Yawning is contagious among many social creatures, including humans, dogs, lions and parakeets. While the behavior is generally thought to boost blood flow to the brain for cooling and alertness, yawning could also help synchronize group movements and be a primitive form of empathy. And yawning begins even before birth. In utero yawns support brain development, ensuring that all the necessary muscles and brain connections needed for yawning and breathing are in working order.
But researchers largely attributed these prenatal yawns to natural body programming, different from the socially contagious reflex that strikes children and adults alike.
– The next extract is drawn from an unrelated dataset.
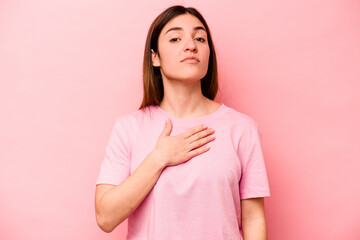 Fototapeta premium Young caucasian woman isolated on pink background taking an oath, putting hand on chest.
It was unknown if a mothers’ yawning had any impact on fetuses.
Pregnancy is a time when mothers and their fetuses are inextricably linked not just physiologically, but perhaps behaviorally, says Giulia D’Adamo, a neuroscientist and psychologist at the University of Parma in Italy. “During pregnancy, everything is groundwork for what is going to happen next.”
To test whether fetuses catch yawns from their mothers, D’Adamo and colleagues showed videos of yawning people to a group of 38 pregnant women who were in their third trimester. Cameras captured the mothers’ video-prompted yawns while ultrasound monitored their fetuses.
Roughly 64 percent of the mothers yawned at least once in response to the video. Just over half of the fetuses responded to their mothers, yawning themselves around a minute and half later. (The upper limit to “catching” a yawn for humans is around five minutes.) That fetal yawn was far more likely to follow a maternal one than to happen spontaneously.
It’s possible that the physical movement of a yawn puts pressure on the uterus in ways that signals to the fetus that it should yawn, too, D’Adamo says. Hormones could also prompt a fetal yawn. Future studies examining women at various stages of pregnancy could help uncover how mothers pass on their yawns.
But for now, it’s unclear why fetuses catch yawns, and if those yawns serve to benefit any future behaviors. The real social context, D’Adamo says, happens after birth.